The new Good Neighbor Fence Act is also designed to avoid one party being unjustly enriched at the expense of another party – their neighbor. The revised statute begins with the premise that adjoining landowners are presumed to share equal benefits from any fence dividing their properties. Of course, unless the parties have agreed in writing to some different arrangement, the law provides that the reasonable cost of construction, maintenance, or necessary replacement of a fence shall be equally shared.
In order to prevent surprise, the law provides that when one neighbor intends to incur costs for a fence, whether due to construction, maintenance, or necessary replacement, that landowner shall give their neighbor 30 days’ prior written notice. The notice must state that the intent is to share responsibility equally for the costs of construction, maintenance, or necessary replacement. The notice must also provide a description of the problem with the shared fence, the proposed solution, the estimated construction or maintenance costs involved to fix the problem, and the proposed cost-sharing approach. It further provides that the owner shall provide in that notice a timeline for addressing the problem.
Unfortunately, the law does not provide how the written notice should be delivered and what the remedy or procedure is if the neighbor does not respond to the notice. We advise that whenever possible, this notice should be hand-delivered to the property owners involved and discussions undertaken between the neighbors to make sure everyone is on the same page as to what is going to be done, how much it is going to cost, and the fact that the costs will be shared equally. If such a meeting takes place, one of the parties should make a written record of it in order to have a paper trail in case anyone conveniently develops total or partial amnesia later on.

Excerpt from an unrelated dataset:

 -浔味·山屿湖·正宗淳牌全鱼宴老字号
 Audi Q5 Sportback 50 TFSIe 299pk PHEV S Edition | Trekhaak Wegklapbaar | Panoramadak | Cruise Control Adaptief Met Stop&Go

As mentioned, this new law presumes that each property owner adjoining the fence shall equally share in the cost. However, the law also contains an opt-out clause providing that an owner may overcome this presumption “by a preponderance of the evidence over 50%” demonstrating that equal responsibility for costs would be unjust. The statute then gives factors that a judge or court should consider in determining whether equal financial responsibility would be unjust. Those factors are as follows:
In most cases, the presumption that the costs should be shared equally will apply, but if one neighbor wants to try to rebut that resumption based on any of the factors listed above, it is certainly possible to do so.
Given the fact that neighbors are allowed to attempt to rebut the presumption of equal sharing of costs, it makes it doubly important to sit down with your neighbor and see if you can agree on the type of fence, costs, etc. If one party wants redwood and the other wants some rare imported Brazilian lumber, that is a factor that must be taken into consideration in accordance with the guidelines set forth above.”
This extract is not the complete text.